The Department of the Treasury on Friday announced first-of-their-kind sanctions against virtual currency mixer for its alleged role in a significant virtual currency heist carried out by a North Korean state-sponsored cyber hacking group.

Blender was designated by the Office of Foreign Assets Control after it processed more than $20.5 million of the illicit proceeds seized by the Lazarus Group during its March 23 heist, the Treasury stated. Lazarus Group is believed to have stolen approximately $620 million, the largest virtual currency heist to date.
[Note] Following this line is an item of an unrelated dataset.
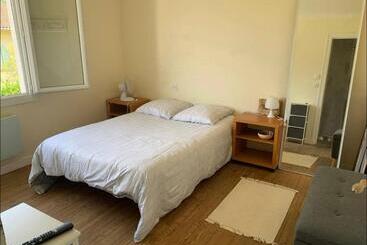 住宿加早餐 Villa Des Palmiers, Chambre 2, Lit Double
“Today, for the first time ever, Treasury is sanctioning a virtual currency mixer,” said Under Secretary of the Treasury for Terrorism and Financial Intelligence Brian Nelson in a press release. “Virtual currency mixers that assist illicit transactions pose a threat to U.S. national security interests. We are taking action against illicit financial activity by the DPRK and will not allow state-sponsored thievery and its money-laundering enablers to go unanswered.”

The Treasury has been aggressive in levying sanctions in the virtual currency space over the last year, starting with the landmark designation of Russian exchange platform SUEX OTC in September for facilitating payments for at least eight ransomware variants. The efforts are part of a crackdown on the services utilized by cybercriminals to carry out their misdeeds.

The Treasury on Friday also announced the identification and blocking of four virtual currency wallet addresses used by the Lazarus Group in its alleged heist.